TASSONE. Signor Presidente, da questa audizione esco più confuso di quando sono entrato in quest’Aula. Ci è stato fatto un quadro delle Brigate rosse per alcuni versi contraddittorio. Noi abbiamo le Brigate rosse, con una organizzazione perfetta, che trae il punto esaltante e forte nel sequestro dell’onorevole Moro, in quella grande operazione militare. Attraverso una serie di valutazioni, vediamo che le brigate rosse sono uno snodo confuso di presenze estranee, quindi questa organizzazione, che era sembrata "molto forte", presenta invece per alcuni versi molti fori, fa acqua da tutte le parti. Non le pare, signor Franceschini, che vi sia una contraddizione tra l’operazione 16 marzo 1978 e tutto quello che è venuto fuori almeno dalle sue descrizioni?

FRANCESCHINI. Infatti è questa contraddizione che è il più grande elemento oscuro di tutta l’operazione Moro. Anche da un punto di vista militare chi di voi ha conosciuto le persone che avrebbero dovuto compiere questa operazione si rende perfettamente conto che quelle persone non erano in grado di compierla. Questa non è solo una dichiarazione che faccio io. Anche un generale, non mi ricordo bene chi, comunque uno dei capi di Gladio, faceva un’affermazione del genere: quell’operazione noi l’abbiamo studiata a tavolino; poteva essere compiuto solo da soggetti che si addestravano periodicamente in caserma, in luoghi fisici precisi. Ripeto ancora una volta: un’operazione complessa come quella di Moro non sono convinto che sia stata realizzata militarmente solo dai soggetti indicati dalla verità ufficiale.

PRESIDENTE. Questo si ricollega a quello che io ho detto all’inizio. Franceschini nel suo libro spiega l’uso delle divise dell’aeronautica proprio con la presenza di persone estranee alle BR: siccome arrivano sul posto ed hanno bisogno di individuare gli amici degli amici, si mettono le divise dell’aeronautica, al fine di impedire di morire sotto il fuoco amico. Quindi, la sua tesi è che l’operazione militare non la compiono soltanto le Brigate rosse.

FRAGALA’. Morucci si definisce Tex Willer.

PRESIDENTE. Morucci ha minimizzato e la Faranda pure. Continui pure, signor Franceschini.

FRANCESCHINI. Anche dal punto di vista delle ricostruzioni è impossibile che lui possa esserlo. A volte hanno detto che era Bonisoli, cosa impossibile da un punto di vista tecnico.

PRESIDENTE. Lui poi lo ha spiegato parlando delle perizie.

FRANCESCHINI. La cosa incredibile di queste divise su cui io riflettevo è questa: se sono a Fiumicino e mi vesto con la divisa dell’aeronautica, poiché lì c’è un giro di piloti, può essere un modo per camuffarmi; ma vestirmi con queste divise in via Fani vuol dire il contrario di camuffarmi, vuol dire farmi riconoscere, perché non credo che in via Fani abitino molti piloti dell’aeronautica.

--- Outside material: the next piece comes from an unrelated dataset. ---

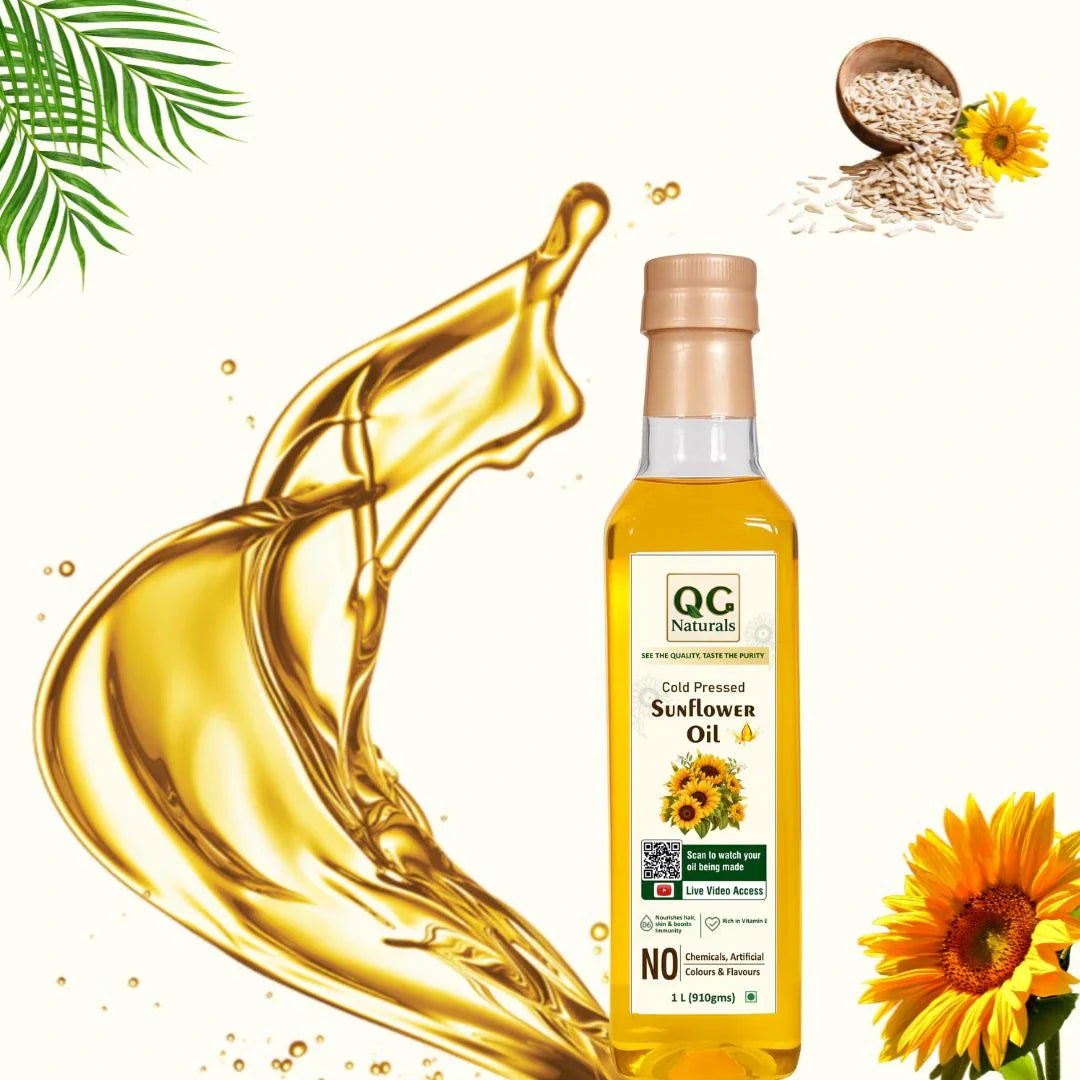 QC Naturals Sunflower Oil – 1L Wood  Pressed, 100% Pure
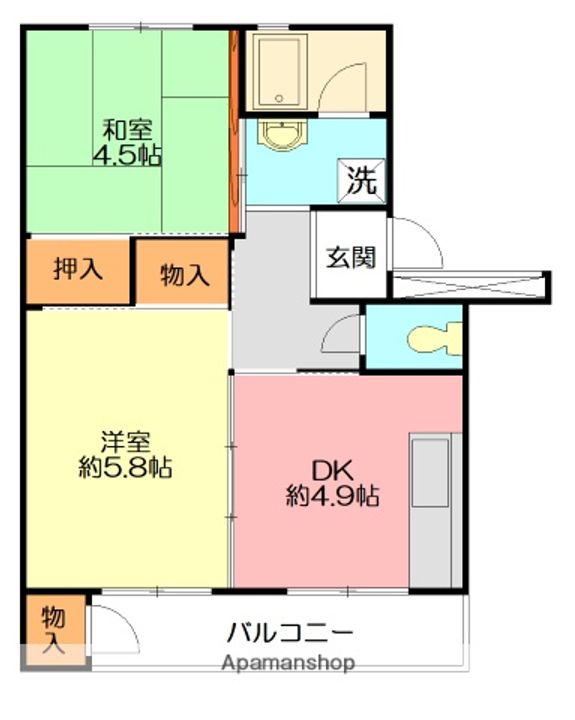 神奈川県秦野市下大槻の賃貸マンションの間取り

Cioè non vi è stata alcuna operazione di quel tipo fatta con divise a meno che non fossero divise della polizia per camuffarsi da poliziotto. Comunque, per come conosco le persone, sono convinto che quella è un’operazione estremamente complessa che non può essere stata compiuta solo da quei soggetti che la verità ufficiale indica come esecutori. Secondo punto: l’organizzazione BR, per come la conosco io, è debolissima. Infatti, la dimostrazione è questa: se vedete l’operazione Moro, avete una certa idea delle BR; se pensate che le BR sono le stesse del 1979 e degli anni successivi, che fanno morti in maniera assurda, hanno una debolezza politica incredibile e dovrebbero essere le stesse BR perché ci dovrebbe essere anche una continuità nel tempo; si ha quasi l’idea di due organizzazioni completamente diverse.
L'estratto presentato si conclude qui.